As will be described with reference to FIGS. 5A-5F, the LCF may be disposed locally with respect to the illumination source 130 (e.g., as a coating or layer applied directly to illumination source 130), and/or remotely with respect to the illumination source 130 (e.g., as a coating or layer applied to a surface of chamber wall 135). In some examples, the LCF may be disposed as a layer of LC material (e.g., a medium-persistence phosphor) locally on the LED dies in the illumination source 130. In such embodiments, the flux emitted into the light chamber may have a substantially attenuated peak-to-peak variation in intensity in response to a time-varying electrical excitation signal, such as a rectified 50 or 60 Hz voltage sine wave, for example. A medium-persistence phosphor may be a phosphor having a decay time (or decay half-life) that is longer than approximately 1 ms, and shorter than approximately 1 minute. A long persistence phosphor may be a phosphor having a decay time substantially longer than 10 minutes.

In some implementations, the LC filter may substantially reduce light intensity modulation associated with a light source operated at low excitation frequencies (e.g., about 50 Hz, 60 Hz, 70 Hz, . . . , 100 Hz, 120 Hz, . . . , 400 Hz) from a periodic or time-varying excitation amplitude.

FIG. 2 is an exemplary plot 200 of light modulation intensity produced by light source 100, illumination module 110, and/or illumination source 130 when excited by a time-varying full-wave rectified sinusoidal waveform. As depicted, plot 200 includes an exemplary electrical excitation plot 205 and an exemplary output light intensity plot 210. As shown, the electrical excitation plot 205 corresponds to a full-wave rectified sine waveform, which may correspond to the electrical waveform received by illumination source 130 of FIG. 1. The electrical excitation plot 205 may be plotted as a voltage, current, or energy (in units of volts, amperes, or watts on the y-axis) with respect to time (on the x-axis).

In response to receiving the full-wave rectified sine waveform, the illumination module 110 may produce an output illumination flux 137. In embodiments in which no LCF is present, the light intensity output by the illumination source 130 and the illumination module 100 may vary with a profile substantially similar to excitation plot 205. However, in embodiments in which the illumination module 110 includes a LCF, the illumination module may produce an output illumination flux 137 corresponding to variable light intensity plot 210. The light intensity is plotted in FIG. 2 as light intensity (on the y-axis) with respect to time (on the x-axis). At the peak intensity of the plot 210, the light intensity has a peak intensity value 215. Between peaks of the light intensity 210, the light intensity plot 210 decays to a minimum value as shown. The peak-to-peak swing in light intensity is depicted as an intensity ripple having an amplitude 220. The peak-to-peak swing in light intensity may be measured as the difference between the maximum (or peak) intensity value 215 and the minimum intensity value reached by the light intensity in each cycle. In various embodiments a ratio of the amplitude 220 to the peak intensity value 215 for a periodic electrical excitation may be about 30%, 29%, 28%, 27%, 26%, 25%, 24%, 23%, 22%, 21%, 20%, 19%, 18%, 17%, 16%, 15%, 14%, 13%, 12%, 11%, 10%, 9%, 8%, 7%, 6%, 5%, 4%, 3%, 2%, 1%, 0.5%, or about 0.1%.

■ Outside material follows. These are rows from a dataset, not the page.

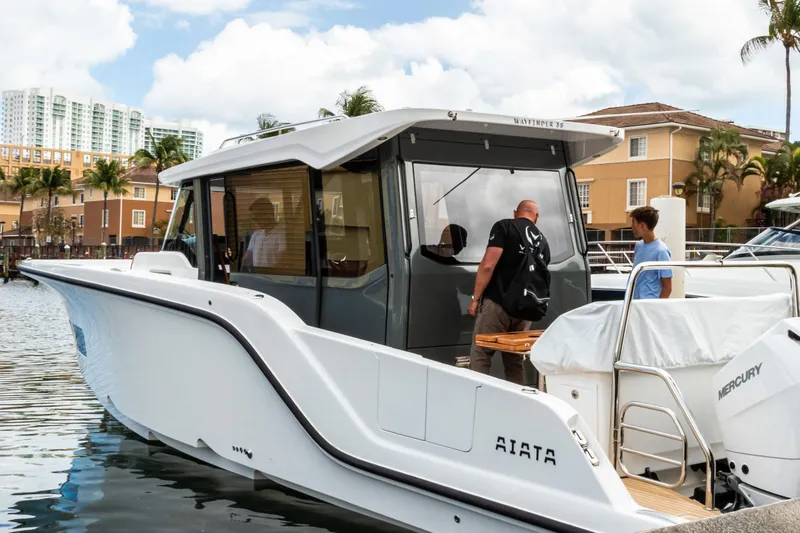 Slide: The Image of Aiata Wayfinder 38 Cabin 2026 docked with people boarding. - 1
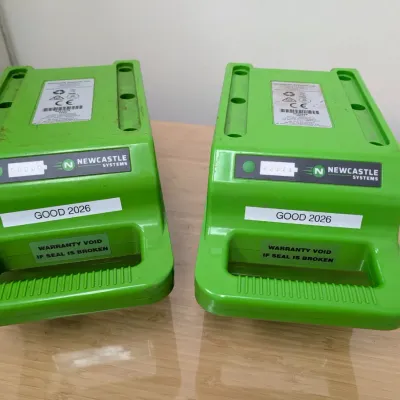 Sale Photo Thumbnail #230: Pair of Newcastle Systems green portable power system batteries, labeled "GOOD 2026" and showing light cosmetic wear.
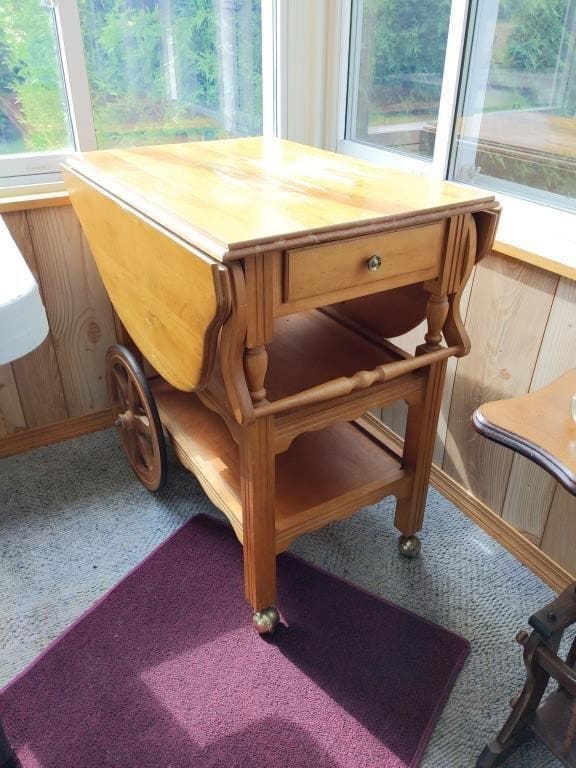 Drop-leaf wooden tea trolley, photographed for an online auction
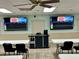 Community center room featuring bingo boards, tables, and chairs, perfect for community activities at 6338 Spring Flower Dr # 15, New Port Richey, FL 34653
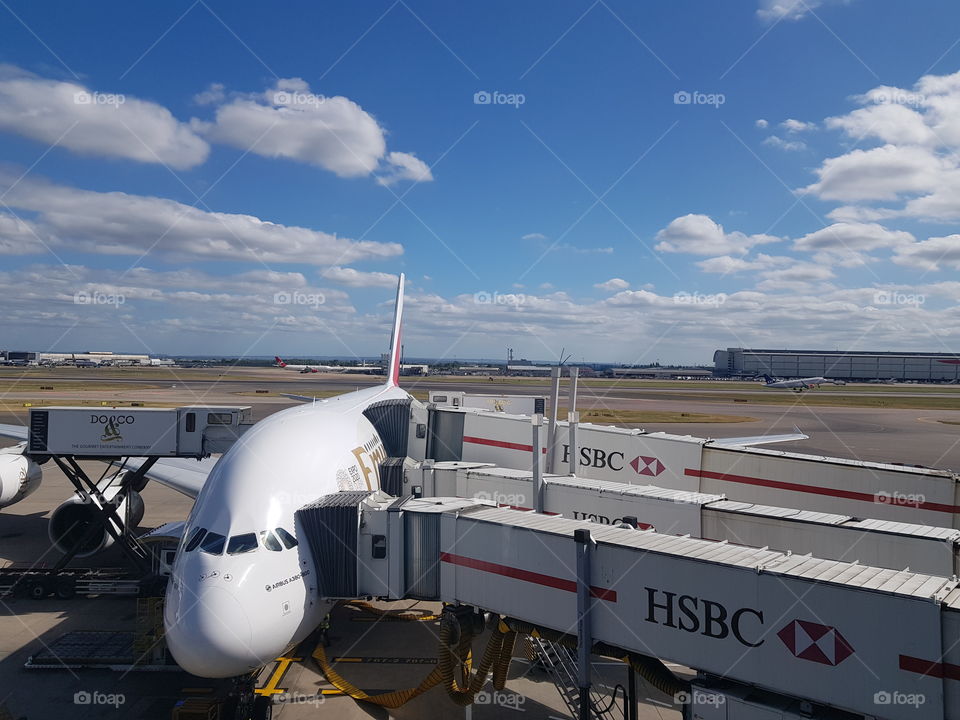 An Airbus A380 operated by Emirates Airline on the stand at Heathrow Terminal 3, London.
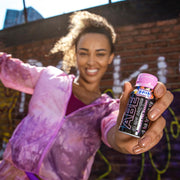 Woman holding a bottle of Abe juice in front of a brick wall.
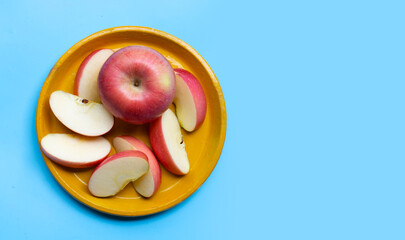 Ripe apple on plate on blue background.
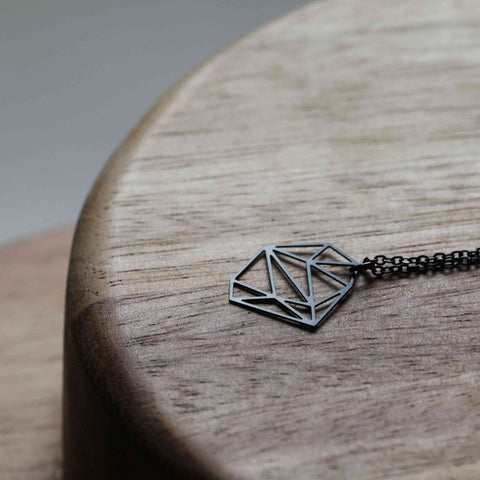 Stainless Steel Pendant - Stone XS rests on a wooden surface, showcasing its clean geometric lines and sleek, minimal design in close-up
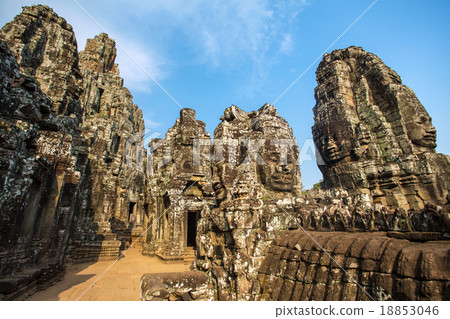 Stone faces on the towers of ancient Bayon Temple 18853046
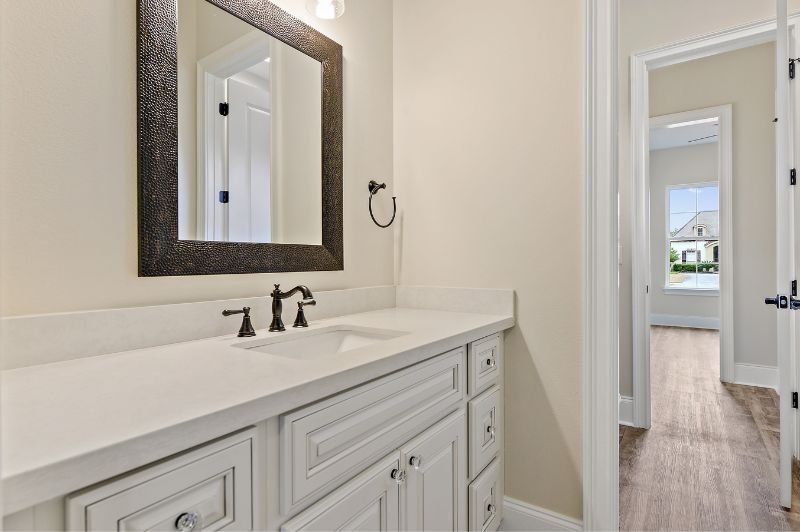 Bathroom with white vanity, black faucet, mirror, and open doorway to a hallway.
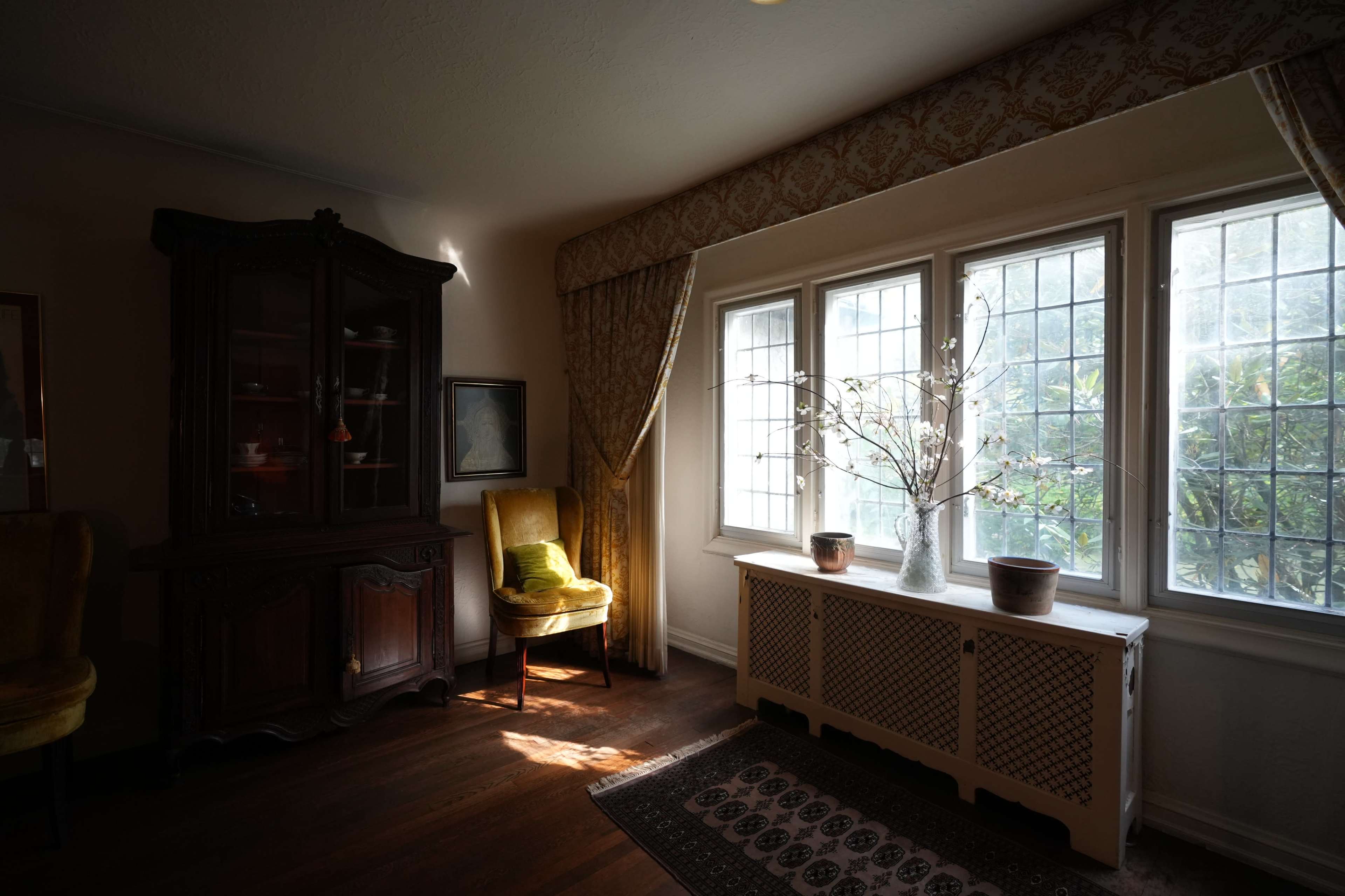 The room features a wooden cabinet, a chair, and a large window with natural light casting soft shadows on the floor.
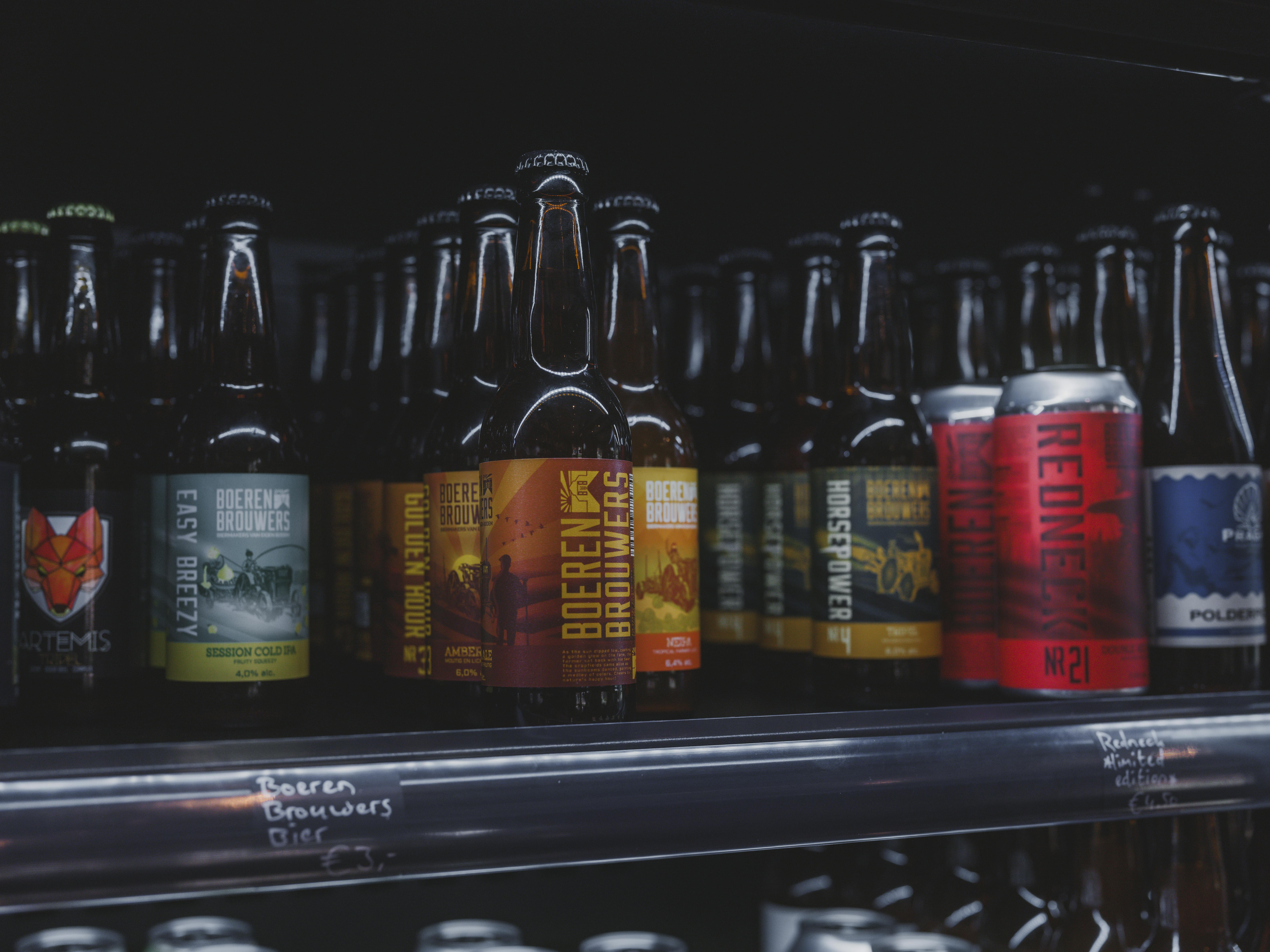 Assorted craft and local beers displayed on a store refrigerator shelf in Almere.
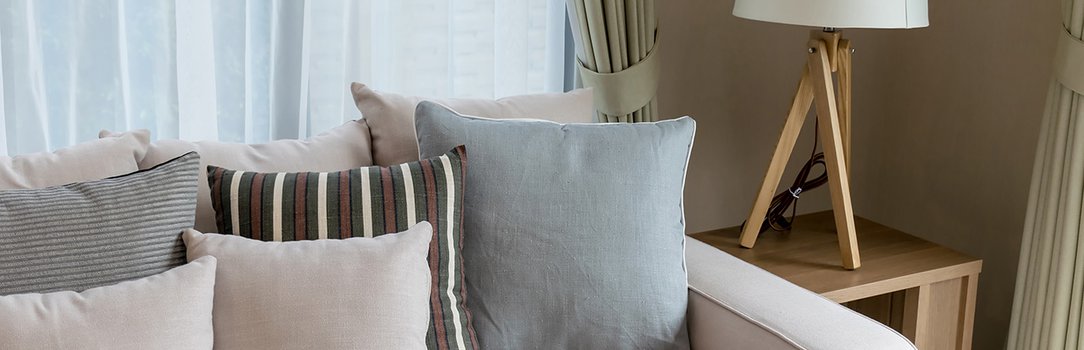 modern living room design with sofa and wooden lamp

For instance, some preferred examples may permit human-perceivable smooth turn-off performance in response to a light switch, for example, where the ratio may be selected to be in the range of, for example, 30% to 1%, or between about 26% and 3%, or 24% and 10%, or between about 20% and 14%.

FIG. 3 shows an exemplary circuit 300 configured to convert a time-varying waveform VAC into light output. The circuit 300 corresponds to an AC LED lighting apparatus that includes two strings of LEDs configured as a half-wave rectifier in which each LED string conducts and illuminates on alternating half cycles. In particular, a first group of LEDs (including LEDs +D1 to +Dn) conducts current during a first half of each cycle (e.g., during intervals Q1 and Q2 of the cycle), and a second group of LEDs (including LEDs −D1 to −Dn) conducts current during the second half of each cycle (e.g., during intervals Q3 and Q4 of the cycle). In either case (first or second half of the cycle), the AC input voltage may have to reach a threshold excitation voltage corresponding to a corresponding conduction angle in order for LEDs to start conducting significant currents and emit light, as discussed with reference to FIG. 4. In particular, the AC input voltage may have to reach a threshold excitation voltage equal to the sum of the forward bias voltages of the LEDs that are configured to operate during the half cycle in order for the LEDs to start conducting current and to emit light.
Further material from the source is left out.